President Bush nominated U.S. Appeals Court judge and former federal prosecutor Samuel Alito to the Supreme Court Monday, calling him a thoughtful jurist with a "deep understanding of the proper role of judges in society."

Alito, whose nomination will please conservatives and could ignite a contentious confirmation process in Congress, was named to fill the seat being vacated by the retiring Sandra Day O'Connor. Bush's last nominee for the seat, Harriet Miers, withdrew her name last week.

In announcing the nomination, Bush stressed that Alito has twice been unanimously confirmed by the Senate, first as U.S. attorney for New Jersey and later to the appeals bench.

"He's won admirers across the political spectrum," Bush said. "I urge the Senate to act promptly on this important nomination and return an up or down vote by the end of the year."

Early reaction from Democratic lawmakers was cautious.
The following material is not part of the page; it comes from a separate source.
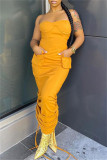 Yellow Fashion Sexy Solid Draw String Backless Strapless Long Dress
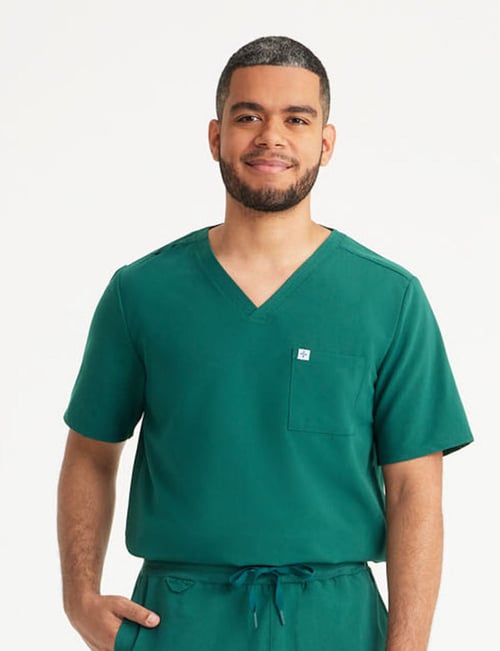Men's Essential Scrub Top - Hunter Green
Senate Minority Leader Harry Reid, a Democrat from Nevada, said: "The Senate needs to find out if the man replacing Miers is too radical for the American people."

Alito, 55, was named to the federal appeals bench by President Bush's father in 1990. He is a graduate of Princeton University and the Yale Law School.

In announcing his nomination Monday, the president stressed Alito's credentials, saying he had "more prior judicial experience than any Supreme Court nominee in more than 70 years."

That experience could also prove an obstacle in the confirmation process. Among other things, Democrats on the judiciary committee are certain to focus on a 1990s vote in which he backed a Pennsylvania law that would have required a woman to notify her husband before receiving an abortion. The law was struck down.